Re: Diversity of IETF Leadership

2013-03-11 Thread Mary Barnes
On Mon, Mar 11, 2013 at 1:48 PM, Scott Brim s...@internet2.edu wrote:
 On 03/11/13 14:41, Mary Barnes allegedly wrote:
 This year's set of nominees was far more diverse than in the past and
 yet the IESG will still be entirely male and entirely North
 American/European.  Of course, only people that bothered to use the
 tool to input comments would see that.  So, indeed the nomcom process
 is part of the problem.

 Mary: I believe you would agree with this but your language doesn't seem
 to say so: just because the nomcom chose a less diverse set of nominees
 from a more diverse set of candidates doesn't mean there is something
 wrong with the nomcom or the nomcom process.  It may be that this nomcom
 did take diversity into account, and diversity was outweighed by other
 factors that are at least as important.  Do you have what you consider
 to be proof that the nomcom didn't consider diversity?
[MB] I think I do - the process was quite inconsistent in terms of how
certain nominees were treated during interviews, etc.  Also, as I said
in another email, Nomcom has a tough job as the process is based upon
them considering community input.  When there is a bias in that input,
then of course, there may be bias in the process. [/MB]
I have direct
 experience of at least a few nomcoms that did.
[MB] In my Nomcom experience I do not believe we did as good of a job
considering this as we should have.  Some of the community comments
about female nominees were disrespectful and showed ignorance of the
fact that women are different - yes women are more likely to shed
tears when we are upset than to yell or curse or physically push
someone around (which I have been at these meetings).  To suggest that
someone is not qualified to be an AD because they shed tears in a
contentious situation is unacceptable IMHO. Lack of respect for the
most basic diversity that exists both between genders and cultures is
a big problem IMHO.  [/MB]

Are you looking for
 quotas?
[MB] Absolutely NOT!!!
  Do you think diversity is more important than e.g. demonstrated
 ability to lead, at the top level?
[MB] Absolutely NOT!!!  What I'm looking for is for IETF to recognize
that there may be a bias in how these decisions are made and to make a
conscientious decision to be aware of how this bias may impact their
decisions.  I realize that this is a rather bold expectation given
that this is not a problem unique to IETF:
http://www.nytimes.com/2012/09/25/science/bias-persists-against-women-of-science-a-study-says.html?_r=0
But, again, as an international open organization, I would expect the
IETF to at least make an effort.
[/MB]

 Scott



Re: Diversity of IETF Leadership

2013-03-11 Thread Scott Brim
On 03/11/13 15:03, Mary Barnes allegedly wrote:
 [MB] ... What I'm looking for is for IETF to recognize
 that there may be a bias in how these decisions are made and to make a
 conscientious decision to be aware of how this bias may impact their
 decisions.  

Sounds good.  +1.  Thanks.



Re: Diversity of IETF Leadership

2013-03-11 Thread Stewart Bryant
A person's sex is of course only one of the recognized protected 
characteristics.


*http://www.equalityhumanrights.com/advice-and-guidance/new-equality-act-guidance/protected-characteristics-definitions/*

The full set is:

Age
Disability
Gender ressignment
Marriage and civil partnetship
Pregnancy and maternity
Race
Religion and belief
Sex
Sexual orientation

If we formally recognize one of the protected characteristics we 
surely have to formally recognize and make provision within our rules 
and operating procedures for all of them.


Although I point to a UK site my understanding is that these protected 
characteristics are enacted in European Union law and thus apply across 
the whole of the EU.


Stewart






Re: Diversity of IETF Leadership

2013-03-11 Thread Arturo Servin

ISOC is doing a great job with the fellowship program.

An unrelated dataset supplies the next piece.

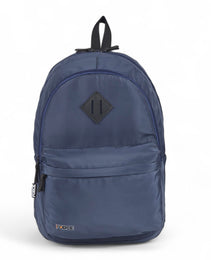 Force Laptop Backpack 14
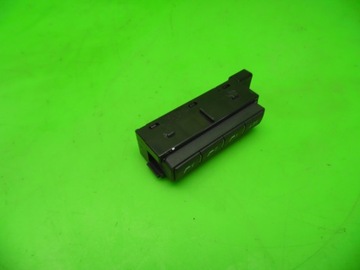 фото thumb №8, Перемикач пам'яті сидіння правий lexus ls ls460l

There is just a
few people each meeting but it is a good start.

Now, we need to figure out how to bring more people and prepare them to
write RFCs and being leaders.

Not easy at all as Keith said.

Regards,
as  

On 11/03/2013 14:25, Spencer Dawkins wrote:
 On 3/11/2013 1:03 PM, Keith Moore wrote:
 On 03/11/2013 01:43 PM, Arturo Servin wrote:
 My opinion is that we agree we have a situation that we should
 improve,
 but also we shouldn't focus on the nomcom process, the problem is not
 about how we select people (it may help but it is not the root problem).
 The problem is to bring new people (younger people, women, from more
 countries, different languages, etc.) to write RFCs, to participate/be
 interested in the IETF and how we involve/prepare these people to become
 our leaders and not just participants. If we do that, then we will have
 more diversity in our leadership.
 Agree.  And I suspect that a large part of the answer is make effective
 participation in IETF substantially less expensive than it is now

 (I didn't say it was an easy problem to solve.)

 Keith
 
 Arturo and Keith,
 
 Thank you both for these thoughts.
 
 I've self-funded a couple of IETF meetings, but still think primarily
 about expensive in terms of time.
 
 Spencer


Re: Diversity of IETF Leadership

2013-03-11 Thread Jari Arkko

Ted,

 Efforts to increase to diversity are a very different optimization--by
 making more visible that opportunities are present for all, these
 initiatives attempt to increase the pool of talent over time. 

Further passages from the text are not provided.